Overview
I think you have two main options about the logic behind the problem:
- For each option o in 1-26, build an index matrix
draft_simulations == o
, then rowSums
it;
- For each player p in 1-26, table its row
table(draft_simulations[p,])
.
On top of that choice, I'd say you have two main possible efficiency gains:
- Use better functions;
- Use a better looping structure.
Better functions
For (1.) I think rowSums
and ==
are about as good as it gets.
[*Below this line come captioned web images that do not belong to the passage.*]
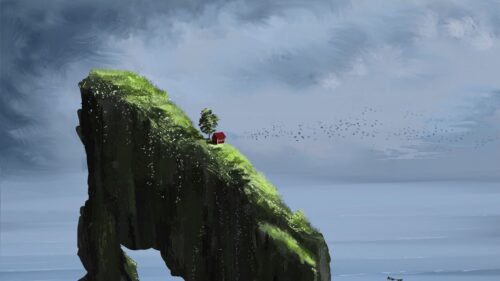 Rock, House, Slope Wallpapers Free Download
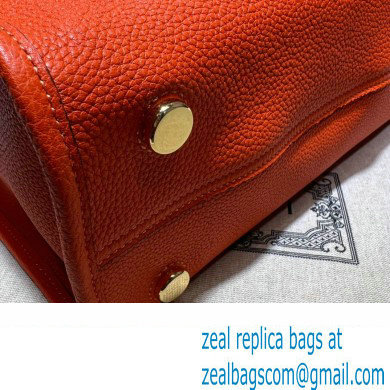 Gucci Medium/Large Tote Bag with Gucci Logo 674850 Orange 2022 - Click Image to Close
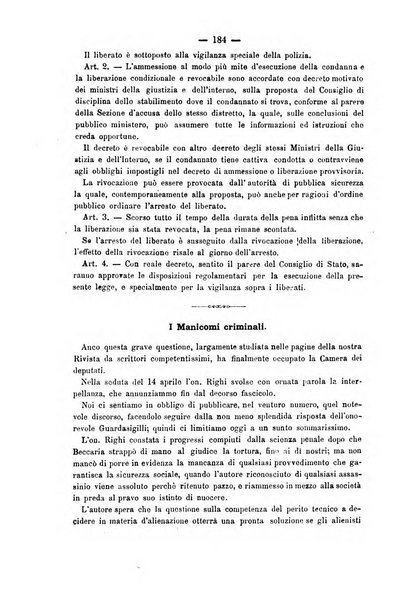 Rivista di discipline carcerarie in relazione con l'antropologia, col diritto penale, con la statistica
But for table
, there are a lot of different options, as you can see on Is there an efficient alternative to table()?. I'd recommend reading all the answers to that question, as each have their pros and cons, but here, I'll stick to base::tabulate
.
Better looping structure
You have for loops, the base::apply
family, and purrr::map
. Is not obvious which to use, so I'll test below.
Testing
I tested options using rowSums
, table
, and tabulate
, with all the looping options (code at the end), which yielded:
bench::mark(rowsums_for(), rowsums_sapply(), rowsums_map(),
table_for(), table_apply(),
tabulate_for(), tabulate_apply(),
check = FALSE, min_time = 1) %>%
select(expression:`gc/sec`)
expression min median `itr/sec` mem_alloc `gc/sec`
<bch:expr> <bch:tm> <bch:tm> <dbl> <bch:byt> <dbl>
1 rowsums_for() 3.08ms 4ms 260. 2.59MB 9.04
2 rowsums_sapply() 3.14ms 4.13ms 251. 2.6MB 9.02
3 rowsums_map() 3.27ms 4.3ms 241. 2.59MB 9.01
4 table_for() 4.41ms 4.73ms 208. 1.87MB 5.33
5 table_apply() 4.59ms 4.96ms 200. 1.98MB 5.33
6 tabulate_for() 231.2µs 250.7µs 3788. 210.94KB 11.9
7 tabulate_apply() 289.2µs 311µs 3090. 312.8KB 11.9
So, at least for the dimension of your problem, for loops are better. Also, rowSums
is better than table
, but tabulate
is the clear winner. This isn't necessarily true if the dimensions are different.
Functions:
plays <- 26
players <- 26
n_sims <- 1000
random_probs <- rbeta(plays, 10, 20)
random_probs <- random_probs/sum(random_probs)
draft_simulations <-
replicate(n_sims, sample(1:plays, players, replace = FALSE, prob = random_probs)) %>%
matrix(nrow = players, ncol = n_sims)
rowsums_for <- function(){
result <- matrix(nrow = players, ncol = plays)
for(i in 1:plays){
result[,i] <- rowSums(draft_simulations == i)
}
}
rowsums_sapply <- function(){
sapply(1:players, function(x) rowSums(draft_simulations == x))
}
rowsums_map <- function(){
map(1:players, ~ rowSums(draft_simulations == .x))
}
table_for <- function(){
result <- matrix(nrow = players, ncol = plays)
for(i in 1:players){
result[i,] <- table(draft_simulations[i,])
}
}
table_apply <- function(){
apply(draft_simulations, 1, table)
}
tabulate_for <- function(){
result <- matrix(nrow = players, ncol = plays)
for(i in 1:players){
result[i,] <- tabulate(draft_simulations[i,])
}
}
tabulate_apply <- function(){
apply(draft_simulations, 1, tabulate)
}